Super Typhoon Mawar forecast trail: Guam could be hit by strongest storm in decades
Typhoon Mawar was heading into Guam early Wednesday, threatening to smash into US territory as the strongest storm in decades.
The typhoon, which has strengthened rapidly in recent days, poses a ‘triple threat’ of devastation, including deadly winds equivalent to at least a Category 4 hurricane, exceptional storm surge and torrential rain, according to the office of the National Weather Service in Guam.
Mawar has been described as “one who will be remembered for decades,” said Landon Aydlett, the meteorologist in charge of coordinating Guam weather service warnings. It is expected to hit the island – and possibly make landfall directly – on Wednesday afternoon local time. (late Tuesday or early Wednesday, Eastern Time).
As of Wednesday morning local time, the center of Mawar was 80 miles from Guam, and conditions were rapidly deteriorating as the storm’s outer bands moved through the region and the storm’s core approached.

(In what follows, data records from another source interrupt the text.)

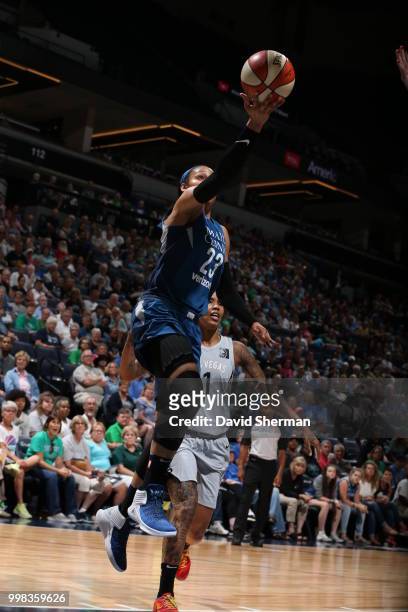 Maya Moore of the Minnesota Lynx goes to the basket against the Las Vegas Aces on July 13, 2018 at Target Center in Minneapolis, Minnesota. NOTE TO...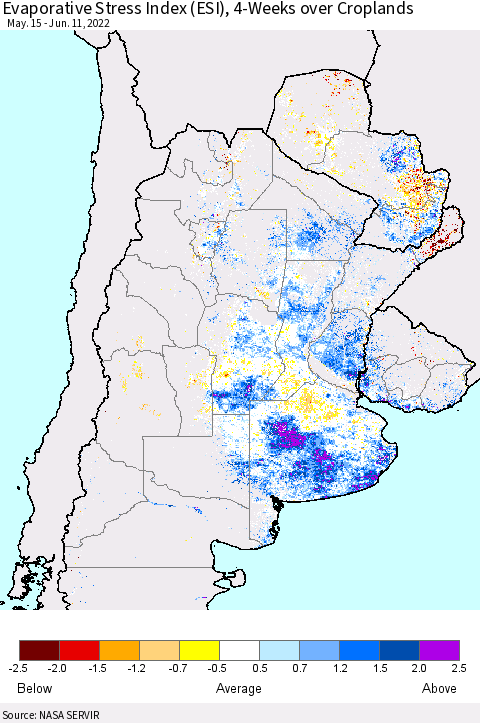 Southern South America Evaporative Stress Index (ESI), 4-Weeks over Croplands Thematic Map For 6/6/2022 - 6/12/2022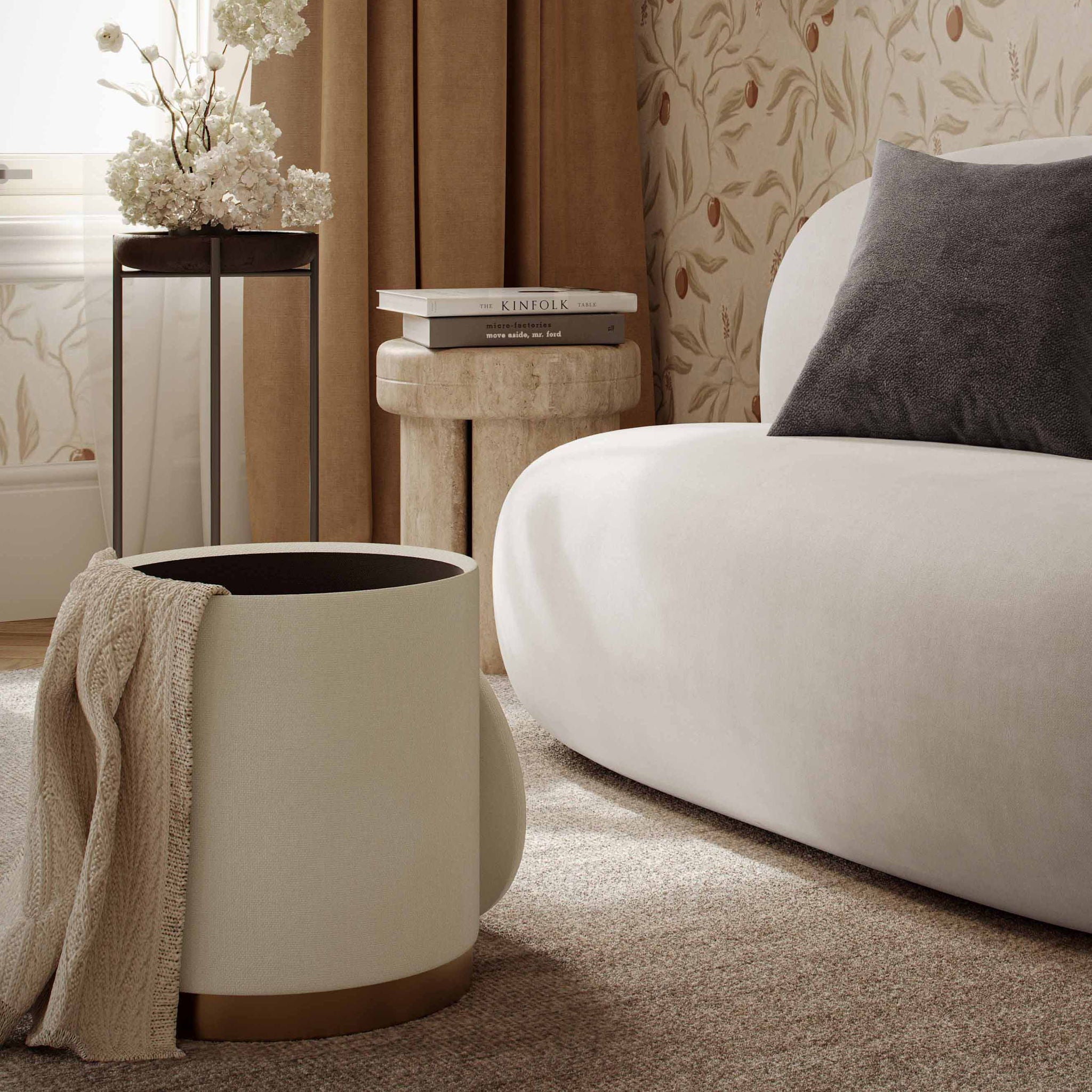 Zoe - Velvet Storage Ottoman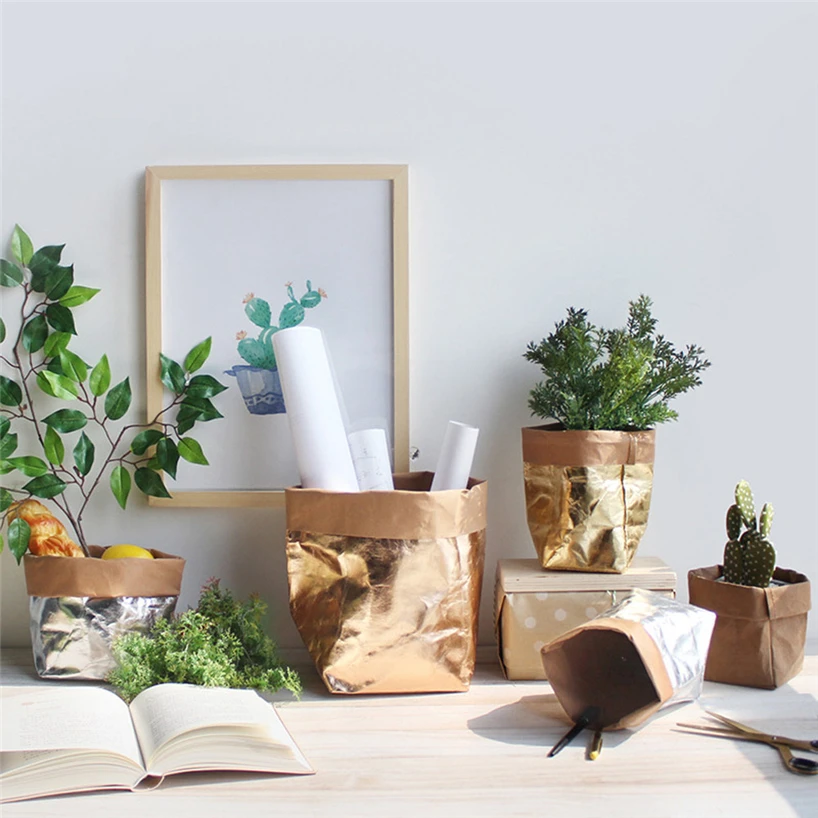Washable kraft paper bag plant flower pot multifunctional portable simple home garden storage bag save space reuse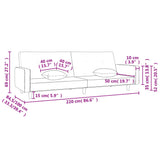 2-Seater Sofa Bed with Two Pillows Dark Grey Fabric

Mawar’s maximum sustained winds were 140 mph early Wednesday, the equivalent of a Category 4 hurricane, according to the Joint Typhoon Warning Center. That’s down from 155 mph earlier, giving it super typhoon status at the time (sustained winds of at least 150 mph).
Forecasters had warned that Mawar could reach the equivalent of a Category 5 hurricane – sustained winds exceeding 157 mph – before making landfall. Fluctuations in strength were still possible Wednesday morning, and the storm is expected to remain very intense as it moves west and northwest over Guam over the next few days.

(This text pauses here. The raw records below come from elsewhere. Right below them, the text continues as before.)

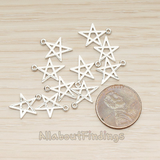 PD.1481 // Simple Drawing Star Link Charm Pendant, 2 Pc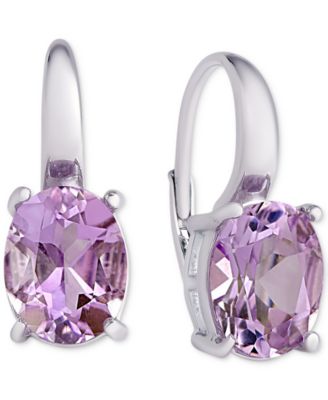 Macy's - Amethyst Oval Leverback Earrings (4-3/4 ct. t.w.) in Sterling Silver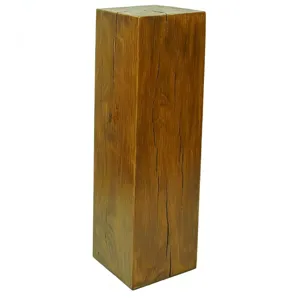 Solid wood minimalist pillar pedestal detail for entryway home decor or plant stand display.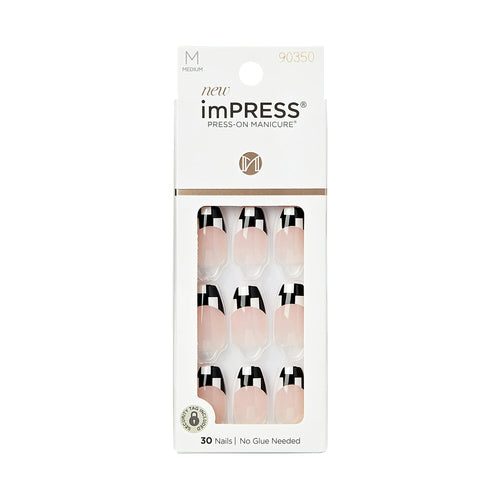 KISS imPRESS Medium Coffin Gel Press-On Nails, Glossy Dark Black, 30 Pieces EasyOptionXY LLC
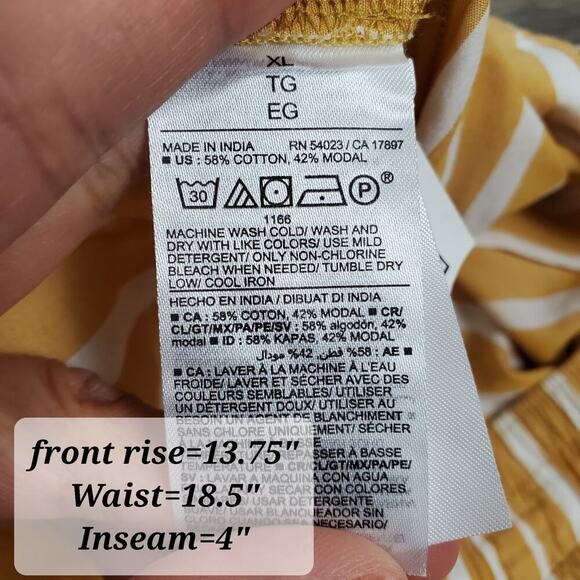 Old Navy Women’s Yellow Striped High Rise Shorts Size XL NWT Pull-On Pockets - Picture 6 of 6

The storm’s forward motion slowed to 6 mph on Wednesday morning. Such a slow pace would result in prolonged wind impacts and greater amounts of precipitation.
“Guam will see the devastating effects of Typhoon Mawar,” the Guam National Weather Service said.
If the typhoon makes direct landfall, the island would be buffeted by the storm’s strongest winds and strongest storm surge.
Although Guam is located in the western Pacific Ocean – an area subject to the most powerful tropical cyclones in the world – a direct hit from a storm, this force is extremely rare and has only occurred about eight times over the past of the past 75 years. The island is only 30 miles long, so moving the center of a storm would be like threading a small needle.
Mawar may be the strongest storm to directly impact Guam since at least 1976, when Typhoon Pamela hit with sustained winds of 140 mph. If Mawar hits with higher sustained winds, it would be the strongest since Super Typhoon Karen, widely considered the worst storm to ever hit the island, hit in 1962 with sustained winds of 172 mph.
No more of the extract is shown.